The blood-letting between studio management and the SWG, which endured for nine years, showed where the real conflict in Hollywood lay—not over money, but over the control of moviemaking. The producers willingly paid gargantuan salaries to the best actors, directors, and screenwriters, but steadfastly resisted any encroachment on creative decision-making. (The Inquisition in Hollywood: Politics in the Film Community, 1930-60, Larry Ceplair and Steven Englund)
By the end of World War II the most important creative person in Hollywood was the writer and not the director. Directors who were also writers had an advantage but a director like Cuckor was nothing without the good script. Some writers such as Preston Sturges, Joseph Manckiewicz, and Robert Rossen became sick of having their scripts butchered by the brothers-in-law club and made bids to direct their own films. By the end of World War II the studios were losing control of the stories. The strength of the Hollywood unions meant that the unit producers were having less and less influence on the set and over the creative process as a whole. The decision making for the creation of movies, for the first time since the early days of United Artists, was more and more in the hands of a cooperative group of writers, directors, camera operators, set designers and editors. The writer was recognized by most as the creator of the story and thus for the director-story teller like Howard Hawks and Alfred Hitchcock the most important aspect of their work was to supervise the script from origins to filming.

In a thoughtful article at a socialist website David Walsh states: "Since the early days of sound films writers have been perceived as a potential threat by their employers." He continues:


Writers and other film artists with integrity are impelled to report on life honestly. Such work is inevitably socially critical, sympathetic to the exploited, hostile to the rich and arrogant, outraged by injustice. It must always contain an element of protest. In the end, these sentiments and qualities are incompatible with the industry executives’ drive for profits and need to conceal the harshest social realities. The record of the struggle between these two imperatives, now out in the open, now concealed, is the history of Hollywood. (A socialist perspective for the film and television writers strike, by David Walsh, 5 January 2008.)
This states the situation clearly. It is a conflict between those who create and those who look at those creations as their property, and all who work for them as tools to serve the purpose of profit without disruption of the social structure. Granting creative power to writers is a threat to the bosses'] world view. In 1945 the writers had begun to gain some measure of control over the creative process. So what changed?

Gore Vidal says

Then out of France came the dreadful news: all those brothers-in-law of the classic era were really autonomous and original artists. Apparently each had his own style that impressed itself on every frame of any film he worked on. Proof? Since the director was the same person from film to film, each image of his oeuvre must then be stamped with his authorship. The argument was circular but no less overwhelming in its implications. Much quoted was Giraudoux's solemn inanity: "There are no works, there are only auteurs."

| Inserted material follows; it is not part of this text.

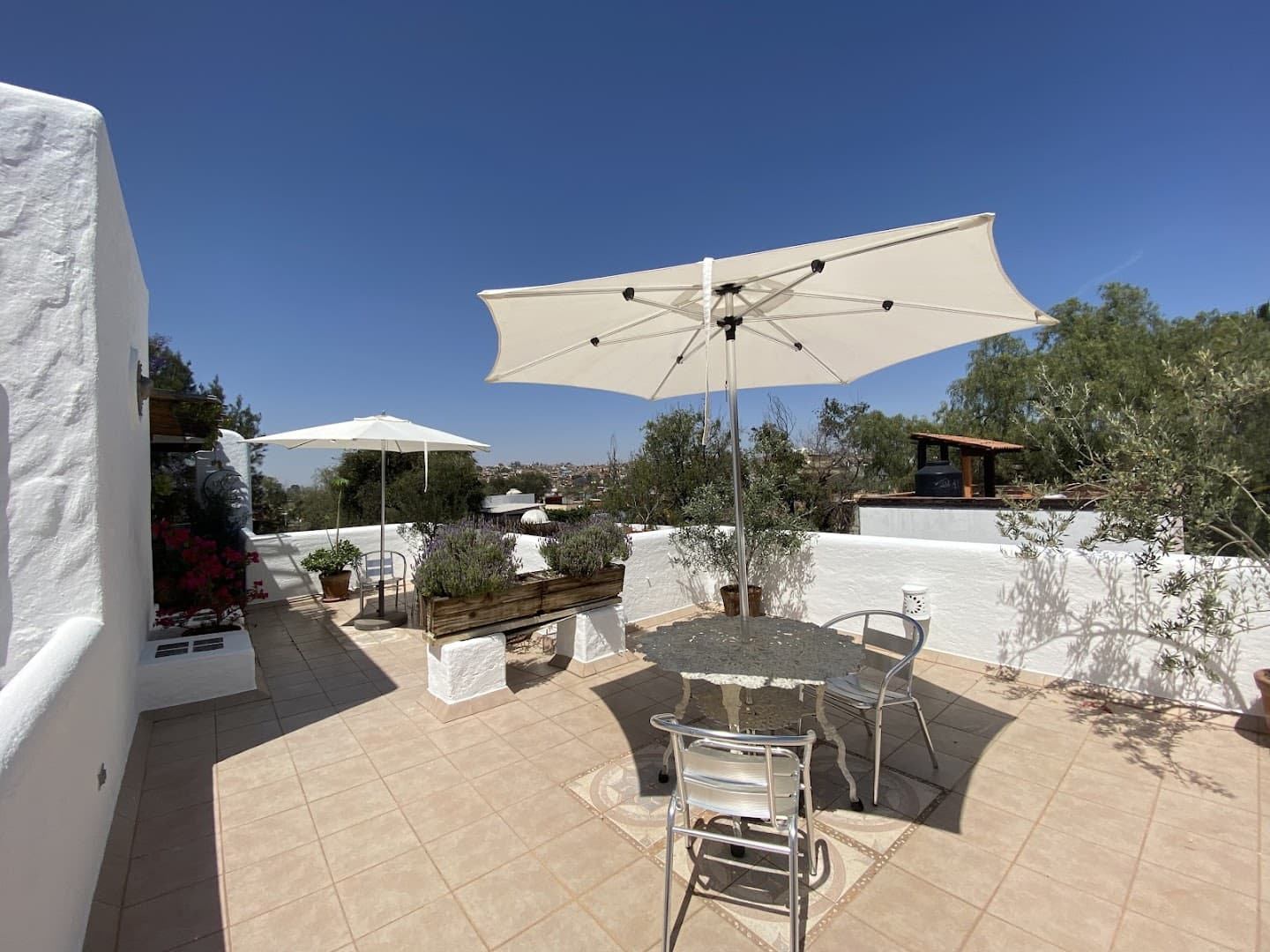Casa Árbol Hotel - photo 2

Vidal goes on to say that soon young intellectuals, art historians, and graduate students were interviewing directors and treating them as "authors" while the writer fell by the side. There is some truth in this but all and all this gets the reception in the United States of the "auteur theory" a bit backwards. There was a point in Hollywood history of about seven years, during the period of classical Hollywood cinema when writers were the effective "authorities" of story telling in Hollywood. That changed because first some of the below-the-line unions were broken and purged of "reds." For the studio bosses the term "reds" was not a designation of people who were socialist or communist but of all people who wanted to maintain some control over the industrial (creative) process. The Congress of Studio Unions was the first union to go, and the set designers as members of this union were the first of the creative people to lose their part in decision-making in films.

In 1945 the bosses of business across the U.S. were complaining that they had lost control over the shop floor. The shop stewards were the main authorities on the shop floor and the foremen simply watched over the shop stewards. In the movie business this meant that the unit producer and director had lost control over the production unit and had to act in true cooperation with the creative people. The bosses attempted to stop this trend. And the model for stopping it came out of Hollywood in 1945 and 1946 when the militant Congress of Studio Unions was busted. Gerald Horne says it best in his book Class Struggle in Hollywood, 1930-1950.

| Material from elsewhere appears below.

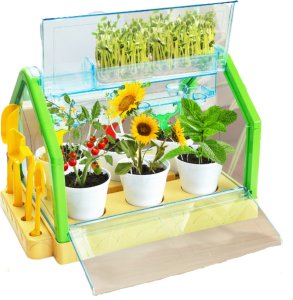 ProNice ZESTAW EDUKACYJNY EKSPERYMENT SZKLARNIA MINI OGRÓD PRAWDZIWY ROŚNIE KWIATY 2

Executives all over the nation were complaining about the perceived erosion of management's rights and repsonsibilities, but the jurisdictional spat between the CSU and IATSE gave Hollywood's version of this story special resonance. By ridding itself of the CSU, the moguls were able to reassert almost absolute control over the production process and thus to make the movies look the way they wanted them to look, while avoiding the restraints imposed by "union auteurs".

And then the writers' union was purged of any person who was in favor of a militant union. The main issue was supposedly "communism." But the greater issue was whether the business men would control the creative process. The purging of the writers' union meant a decline in overtly socially conscious writing. Fudamental social criticism was censored from Hollywood production for almost a decade, occasionally finding release in allegory.

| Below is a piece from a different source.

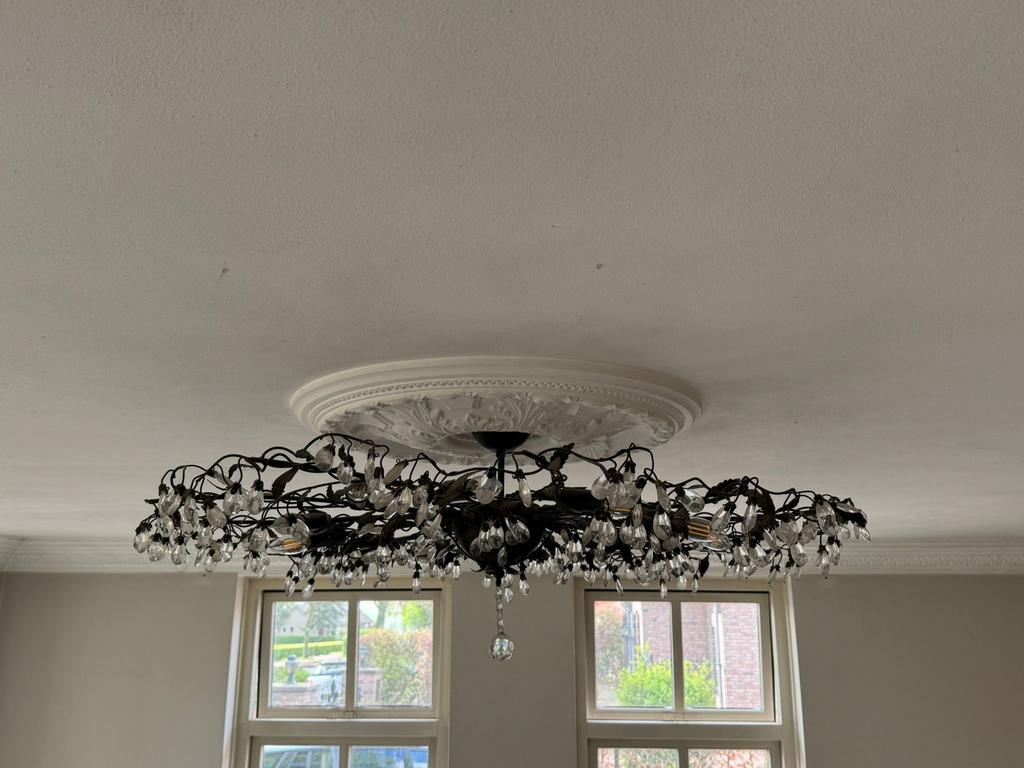 Prachtige plafondlamp met kristallen en bladeren design, Ophalen, Zo goed als nieuw, Metaal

The Hollywood studios made a deliberate decison to put directors in charge of their production units. Directors were, after all, close to management. Directors were often the equivalent of factory floor managers or foremen. This coincided with the decline of the studio system as a factory model and the rise of the deal-making model of Hollywood production. The director as "auteur" is a contingent fact of the history of the industrial process. It is neither inevitable nor desirable. The auteur theory is the ex post facto justification of this contingent fact.

I am not saying that the auteur theory is completely wrong. My belief is that in the narrative arts "telling the story" is the most important aspect of movie making. How you determine who is responsible for "story making" and "story telling" is a question not of principle but of empirical investigation. It is also contingent on historical and economic struggle. The reason that the auteur theory appropriately came out of France is also contingent. The structure of the industrial process of film making in France gave some reality to the idea that directors were "authors" in that country, and in most countries in Western and Central Europe. Directors in France, by force of circumstance, also had to be unit managers, fund raisers, executive producers, and often enough editors and writers. The reception of the auteur theory in the U.S. was also contingent on social circumstances. It became a description of reality, behind the back of the promoters of the theory. But in fact it became a description of the results of a industrial process that was created through strike breaking, union busting, purges, blacklists, marginalization of workers, and other methods of bosses to impose control over "their" factories.

Let me close with some more promised quotes from Gerald Horne's book Class Struggle in Hollywood:

"Nevertheless, as Thomas Guback has reminded us, moviemaking is a collaborative, labor-intensive industry; film analysis often stresses only content -- which it ascribes solely to member of the "talent guilds," notably directors and actors and screenwriters, ignoring production relations. However, factoring the latter into the equation 'shifts the terms of analysis from what we see to the social relation that are implicit in the industry and that govern the terms on which the industry operates.'

"An analysis of production relations inevitably prompts an analysis fo labor, the too often forgotten 'actor' in the production of films. Michael Nielsen has observed that 'if one single quality distinguishes Hollywood's product from the bulk of world cinema productions, it is the quality of unobtrusiveness -- the refusal of the film to draw attention to the process of filmaking itself by weaving a seamless whole that engages the viewers' attention completely. The quality is rooted in the craftmansship [sic] at every level of production.'"


I highly recommend Class Struggle In Hollywood, 1930 – 1950: Moguls, Mobsters, Stars, Reds, & Trade Unionists by Gerald Horne for anyone who wishes to gain an historical perspective on the current situation that led to the WGA strike and in union movements in general.




5 January 2008
New York City

[Caveat: I am not a member of the WGA, nor do I speak for any of the officers or members of that union or any other union. I have been a member of other unions in the past and I am a supporter of a stronger union movement in the United States. J.M.]